51     This is a convenient point to add that Mr Ng referred the court to Pacific Assets Management Ltd and Others v Chen Lip Keong [2006] 1 SLR 658 (“Pacific Assets”), which coincidentally followed Fortune, to contend that a writ was a mere notification tool and the service of our writ abroad did not encroach upon the sovereignty of the country in which the writ was served. He relied on the following observations of Belinda Ang Saw Ean J:

21      The Singapore Court of Appeal in Fortune Hong Kong ([8] supra) dealt with the sovereignty point which was the critical reasoning on which United Overseas Bank Ltd v Wong Hai Ong ([19] supra) laid stress. As far as Singapore law is concerned, service of process out of the jurisdiction is not an assertion by the court of an extra-territorial jurisdiction for two reasons. First, L P Thean JA, who delivered the judgment of the appellate court, pointed out in [30] that since 1 February 1992, the form of our writ:

… is no longer structured in the form of a command to the defendant and does not contain any reference to the President of the Republic of Singapore and is not tested or witnessed by the Chief Justice. In its present form, the writ is more of a notification to the defendant that an action has been commenced against him in the court in Singapore than a command to him issued by the court. It seems to us that this change in the content of the writ has made it ‘compatible with international comity to allow service out of jurisdiction’ of the writ: (per the commentary at para 6/1/1C of the 1982 edition of The Supreme Court Practice). In its present form, the writ has lost its meaning of a judicial order, and it can hardly be contended that the service of our writ abroad would interfere with or encroach upon the sovereignty of the country in which the writ is served.

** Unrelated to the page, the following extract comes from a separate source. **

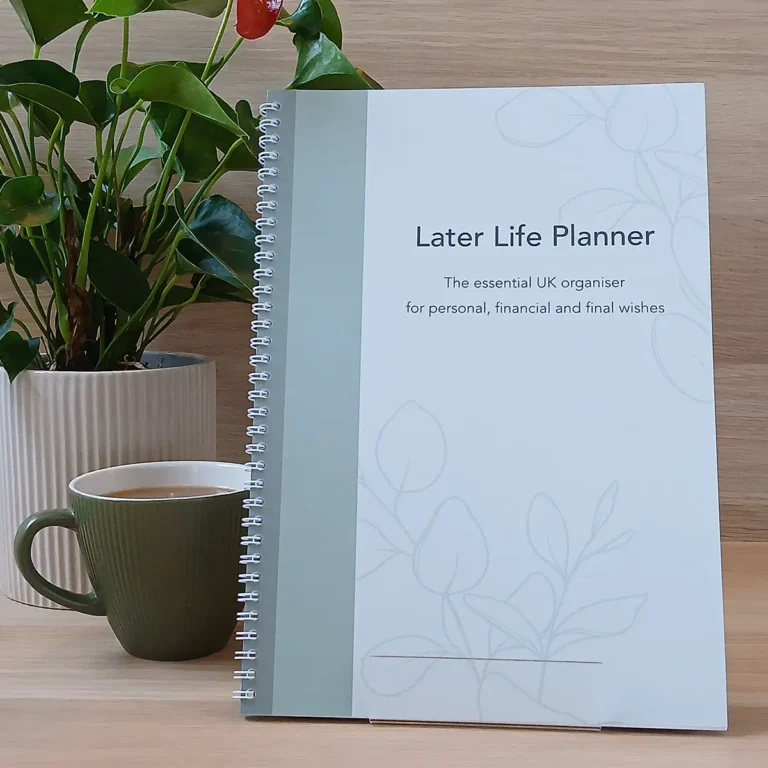 The front cover of the Later Life Planner book, an essential UK organiser, displayed on a desk with a coffee mug and greenery.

22      Second, there are safeguards in the rules against encroachment upon sovereign rights of a foreign country. Where there is no consensual service, service of process is controlled by O 11 of the SRC. For instance, O 11 r 4(2)(c) requires service to be in accordance with any method of service authorised by the foreign country’s domestic laws for service of its originating process: see Thean JA in Fortune Hong Kong at [32].

[emphasis added[

52     I cannot do more than reiterate that a perusal of the observations, in particular, [22], would demonstrate that the finding that the role of a writ was relegated to that of a mere notification device did not displace the stringent condition that O 11 r 4(2)(c) nevertheless had to be met, i.e. “in accordance with any method of service authorised by the foreign country’s domestic laws for service of its originating process”.

My decision

53     The Singapore Court of Appeal in Official Receiver, Liquidator of Jason Textile Industries Pte Ltd v QBE Insurance (International) Ltd[1988] SLR 111 (“QBE Insurance”) discussed the limits of the court’s discretion in curing irregularity and followed Leal v Dunlop Bio-processes Ltd [1984] 2 All ER 207:

22      In Leal v Dunlop Bio-processes Ltd [1984] 2 All ER 207, the plaintiff served a writ out of jurisdiction without obtaining the leave of the court. The limitation period had expired but the English Court of Appeal held that the writ could not be renewed. In particular, Stephenson LJ said (at 213):

…if it is wrong to allow the plaintiff to continue these statute-barred proceedings by extending the validity of his writ under O 6 r 8 to enable the plaintiff to apply to issue a concurrent writ for service out of the jurisdiction under O 6 r 6, it must be wrong to allow him to continue them by giving him leave to serve it out of the jurisdiction under O 11 r 1. Order 2 r 1 should not be invoked to allow either course.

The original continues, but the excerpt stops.